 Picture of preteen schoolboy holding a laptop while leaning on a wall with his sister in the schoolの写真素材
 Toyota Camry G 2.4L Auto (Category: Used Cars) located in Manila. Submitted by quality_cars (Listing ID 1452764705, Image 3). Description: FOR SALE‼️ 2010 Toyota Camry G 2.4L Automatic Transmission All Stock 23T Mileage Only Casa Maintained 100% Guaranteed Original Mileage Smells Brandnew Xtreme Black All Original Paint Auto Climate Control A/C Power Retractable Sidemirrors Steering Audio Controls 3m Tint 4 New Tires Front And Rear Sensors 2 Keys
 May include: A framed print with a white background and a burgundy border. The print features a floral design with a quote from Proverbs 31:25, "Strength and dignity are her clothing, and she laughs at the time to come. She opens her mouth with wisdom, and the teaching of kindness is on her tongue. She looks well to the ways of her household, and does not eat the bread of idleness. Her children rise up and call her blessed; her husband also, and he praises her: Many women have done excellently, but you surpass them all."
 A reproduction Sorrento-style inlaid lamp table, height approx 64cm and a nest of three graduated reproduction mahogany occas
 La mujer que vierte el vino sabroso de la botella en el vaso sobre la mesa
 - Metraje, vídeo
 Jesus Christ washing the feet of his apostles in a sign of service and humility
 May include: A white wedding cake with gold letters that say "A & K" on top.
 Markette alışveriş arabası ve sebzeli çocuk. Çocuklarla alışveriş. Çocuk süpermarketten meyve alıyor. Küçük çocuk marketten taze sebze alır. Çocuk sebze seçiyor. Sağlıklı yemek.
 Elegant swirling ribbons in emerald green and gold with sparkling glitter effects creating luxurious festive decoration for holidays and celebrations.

++++++++++++++++++++

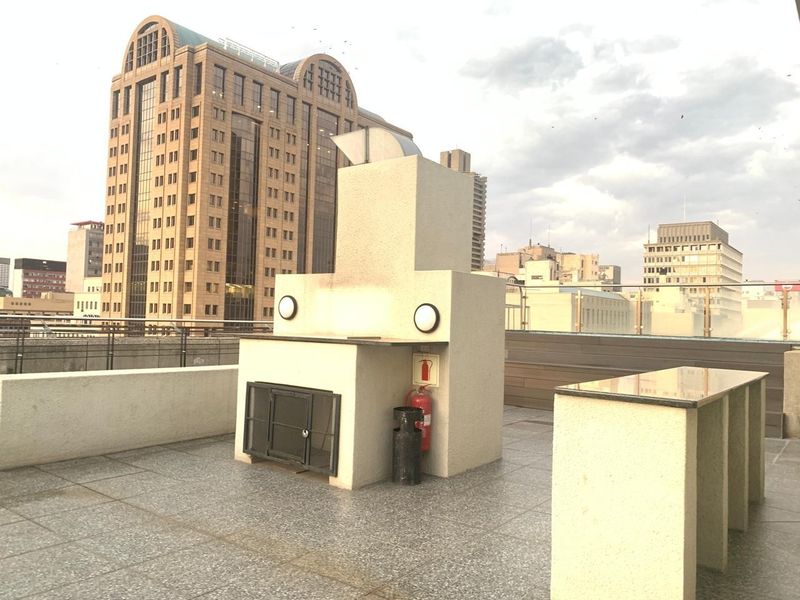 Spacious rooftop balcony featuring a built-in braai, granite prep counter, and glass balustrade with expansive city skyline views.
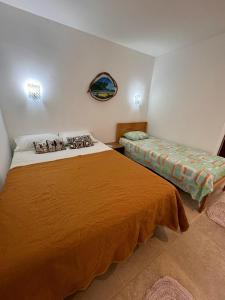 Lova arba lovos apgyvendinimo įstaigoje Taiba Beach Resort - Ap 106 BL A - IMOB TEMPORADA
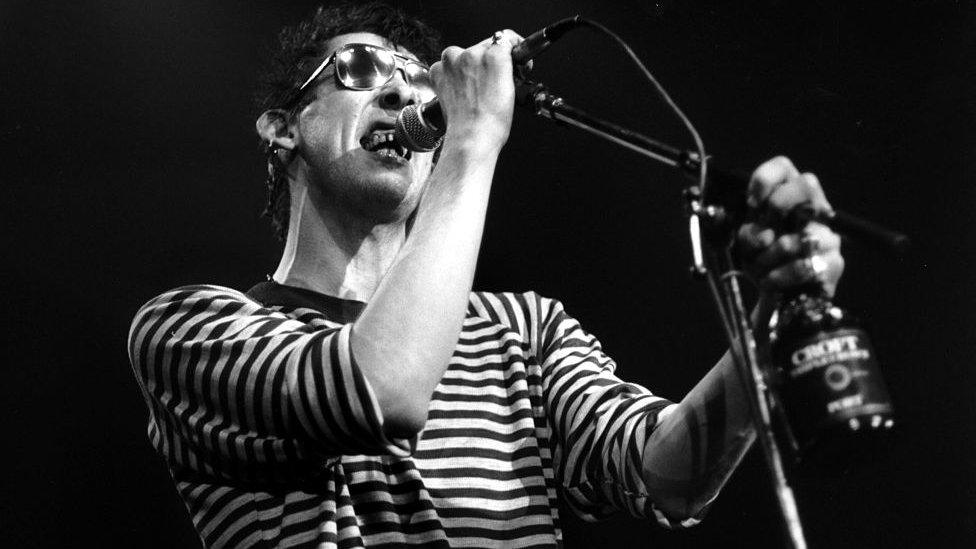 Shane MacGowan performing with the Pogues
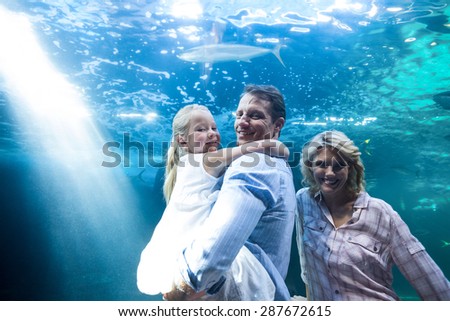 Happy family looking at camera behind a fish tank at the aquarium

++++++++++++++++++++

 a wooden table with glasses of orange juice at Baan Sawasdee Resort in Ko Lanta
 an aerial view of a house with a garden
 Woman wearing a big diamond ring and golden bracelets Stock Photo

++++++++++++++++++++

### What is needed
Quote the data above from the line containing "May include: A white" to the line containing "Markette alışveriş arabası", inclusive, and stop.

### Answer to the exercise
 May include: A white wedding cake with gold letters that say "A & K" on top.
 Markette alışveriş arabası ve sebzeli çocuk. Çocuklarla alışveriş. Çocuk süpermarketten meyve alıyor. Küçük çocuk marketten taze sebze alır. Çocuk sebze seçiyor. Sağlıklı yemek.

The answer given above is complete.